▸ **Task requirements**
Write out exactly the lines from the first line of the records below through the line that contains "Heavy Duty Pipe", and stop there.

[Stored dataset items]

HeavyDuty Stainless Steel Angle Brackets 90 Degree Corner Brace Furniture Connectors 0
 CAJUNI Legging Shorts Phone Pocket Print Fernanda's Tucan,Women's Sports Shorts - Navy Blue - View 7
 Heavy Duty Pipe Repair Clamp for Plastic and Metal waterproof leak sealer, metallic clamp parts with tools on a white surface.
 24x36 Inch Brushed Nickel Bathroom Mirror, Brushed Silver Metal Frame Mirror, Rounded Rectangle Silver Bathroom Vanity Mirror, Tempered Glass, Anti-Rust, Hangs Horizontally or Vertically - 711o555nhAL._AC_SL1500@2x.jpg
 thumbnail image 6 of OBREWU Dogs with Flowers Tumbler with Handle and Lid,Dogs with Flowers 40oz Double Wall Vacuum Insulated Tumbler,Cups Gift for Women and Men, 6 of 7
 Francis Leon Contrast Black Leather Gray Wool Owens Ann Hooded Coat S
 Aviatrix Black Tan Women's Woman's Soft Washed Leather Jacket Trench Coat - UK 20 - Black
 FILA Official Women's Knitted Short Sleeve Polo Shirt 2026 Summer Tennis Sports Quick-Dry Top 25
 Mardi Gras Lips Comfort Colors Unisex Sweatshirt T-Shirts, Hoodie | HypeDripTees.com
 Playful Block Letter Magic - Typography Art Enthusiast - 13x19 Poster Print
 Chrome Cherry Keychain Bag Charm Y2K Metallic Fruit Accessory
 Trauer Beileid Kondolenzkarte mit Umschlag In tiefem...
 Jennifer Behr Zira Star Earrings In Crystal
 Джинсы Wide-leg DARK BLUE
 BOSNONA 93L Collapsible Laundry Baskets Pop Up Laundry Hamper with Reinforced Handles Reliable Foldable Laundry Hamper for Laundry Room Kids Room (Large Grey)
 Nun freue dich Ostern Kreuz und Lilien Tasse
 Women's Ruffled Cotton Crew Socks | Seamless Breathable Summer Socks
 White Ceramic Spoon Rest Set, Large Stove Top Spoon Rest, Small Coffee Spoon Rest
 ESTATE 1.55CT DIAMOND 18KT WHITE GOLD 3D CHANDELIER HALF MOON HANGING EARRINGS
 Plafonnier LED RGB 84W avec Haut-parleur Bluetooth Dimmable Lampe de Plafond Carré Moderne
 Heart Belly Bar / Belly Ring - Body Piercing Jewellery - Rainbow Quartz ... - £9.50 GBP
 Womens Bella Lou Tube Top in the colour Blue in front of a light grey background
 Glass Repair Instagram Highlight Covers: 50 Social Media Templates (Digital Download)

▸ **Written answer**
HeavyDuty Stainless Steel Angle Brackets 90 Degree Corner Brace Furniture Connectors 0
 CAJUNI Legging Shorts Phone Pocket Print Fernanda's Tucan,Women's Sports Shorts - Navy Blue - View 7
 Heavy Duty Pipe Repair Clamp for Plastic and Metal waterproof leak sealer, metallic clamp parts with tools on a white surface.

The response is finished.